That Hideous Strength
Back to Kirsch et al. A study which claimed that antidepressants provide clinically significant benefits only for the severely depressed has received a lot of attention
33 google news hits and lots of plain google hits.
Much commentary completely missed the "clinically significant" and, in fact claimed that Kirsh et al had shown that patients who received a placebo did "just as well" as patients who received antidepressants. This was a null hypothesis overwhelmingly rejected by Kirsch et al.

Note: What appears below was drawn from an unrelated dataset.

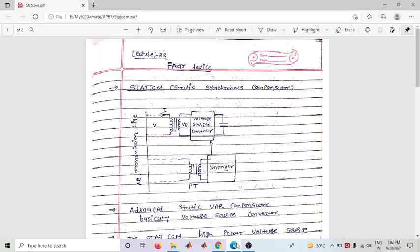Hello, good afternoon friends. Today is my advanced power electronics lecture number 28 on FACTS devices. I have previously discussed variable impedance type controllers like TSC, TCR, FC-TCR, and today I will discuss voltage source converter based devices — specifically STATCOM, SSSC, and UPFC. STATCOM is a voltage source converter based FACTS device.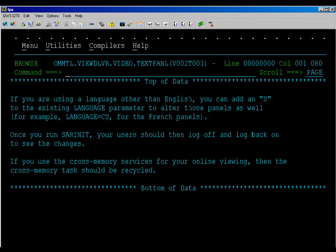Once you run SARINIT, your users should then log off and log back on to see the changes. If you use the cross-memory services for your online viewing, then the cross-memory task should be recycled.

The huge amount of attention received by the paper is, I think, entirely due to the appeal to the concept of "clinical significance" as authoritatively defined by the National Institute for Health and Clinical Excellence (NICE) in the UK. Hmm where have I read that acronym before ?
NICE declared that to be clinically significant a benefit had to be 3 points on the Hamilton Rating Scale of Depression or at least one half of one standard deviation of the changes in the HRSD in the treated subsample.
The first definition is arbitrary and, I think, nonsensical (if the only change were from "I think life is not worth living" to "I think life is worth living" that would be one point on the HRSD). However the second definition is much much more absurd.
The standard deviation of changes is very important for testing whether an apparent benefit could be due to chance. It is useful for constructing a confidence interval around estimated benefits. It is not useful for determining clinical significance.
I think an example should be sufficient to prove this. Assume there are two huge controlled trials of drug A and Drug B. Each has a subsample of patients given a placebo. These people show improved depression with an average improvement of HRSD of 5 (in both trials). The standard deviation of changes in HRSD is 5 in both Placebo subsamples. Change over standard deviation is 5/5.
Patients in the trial of drug A who received drug A have an average improvement of 8 with a standard deviation of 5. change/standard deviation is 8/5 which is 0.6 higher than 5/5 so it is concluded that drug A provides a clinically significant benefit.
For each patient who receives drug A there is a patient who receives drug B (convenient coincidence). For 90 % of patients who receive drug A there is a patient who received drug B and who had exactly the same change in HRSD. For 10% of patients who got drug A (and who had the same average benefit as the 90%) there is a patient who received drug B whose improvement was greater by 20 HRSD points.
The mean change with drug B is 8 + 0.1*20 = 10.
Given the assumption in parentheses, the variance of changes for patients who received drug B is 25 + (400)(0.1)(0.9) = 61 so the standard deviation is 7.81
change/standard deviation is 1.28. 1.28-1 = 0.28 < 0.5 so NICE declares that drug B does Not have a clinically significant benefit.
But wait a minute, experience with drug B shows first order stochastic dominance over improvement with drug A. The problem with drug B is that a few patients had a wonderful experience. This added proportionally more to the standard deviation than to the mean (has to do with square root of 0.1 is much bigger than 0.1).
Using the mean divided by the sub sample standard deviation to assess clinical significance is utterly idiotic.